======== Data section ========
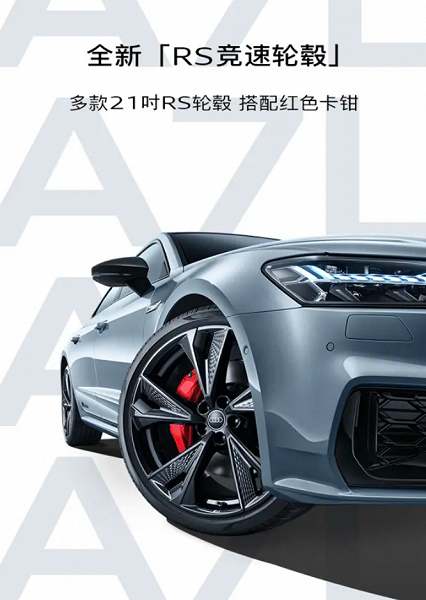 Audi, yeni Audi A7L hakkındaki detayları açıkladı ve yeni ürünün resmi görsellerini yayınladı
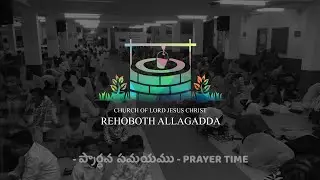 Night Fasting Prayer - Bro Daniel GS - #rehoboth_allagadda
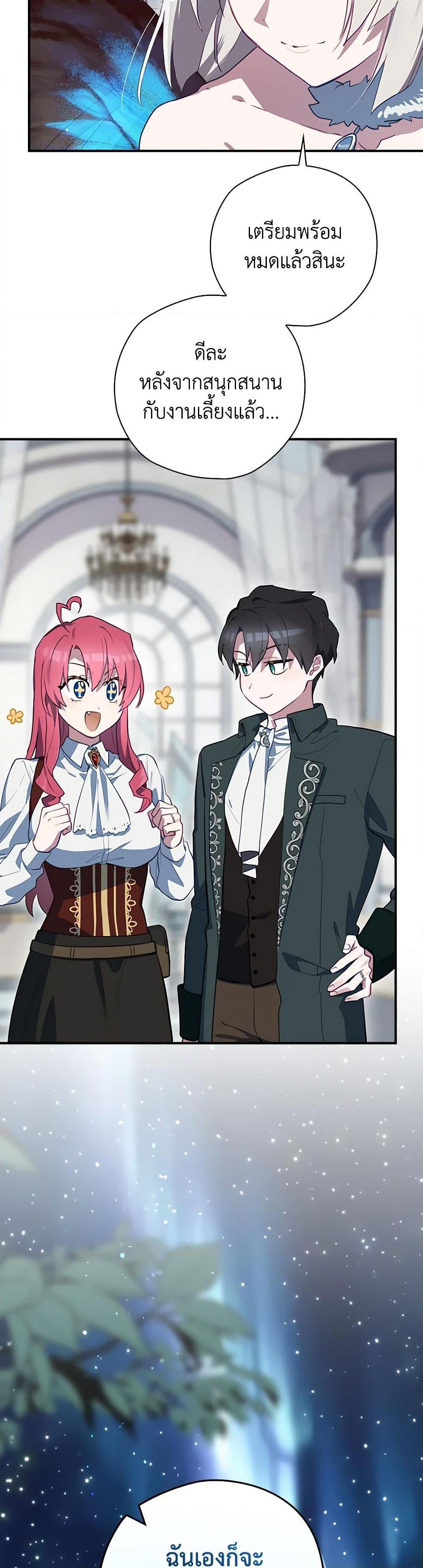 Manga-lc-com อ่านมังงะ อ่านการ์ตูน ออนไลน์ ฟรี Ending Maker ตอนที่ 1 2 3 4 5 6 7 8 9 10 11 12 13 14 ฟรี ไม่มีโฆษณา Manga-lc - อ่าน มังงะ อ่าน การ์ตูน ออนไลน์ อ่านมังงะ ฟรี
========
What is being asked ::
Return a verbatim transcription of the data, omitting all images.

Output for this exercise ::
 Audi, yeni Audi A7L hakkındaki detayları açıkladı ve yeni ürünün resmi görsellerini yayınladı
 Night Fasting Prayer - Bro Daniel GS - #rehoboth_allagadda
 Manga-lc-com อ่านมังงะ อ่านการ์ตูน ออนไลน์ ฟรี Ending Maker ตอนที่ 1 2 3 4 5 6 7 8 9 10 11 12 13 14 ฟรี ไม่มีโฆษณา Manga-lc - อ่าน มังงะ อ่าน การ์ตูน ออนไลน์ อ่านมังงะ ฟรี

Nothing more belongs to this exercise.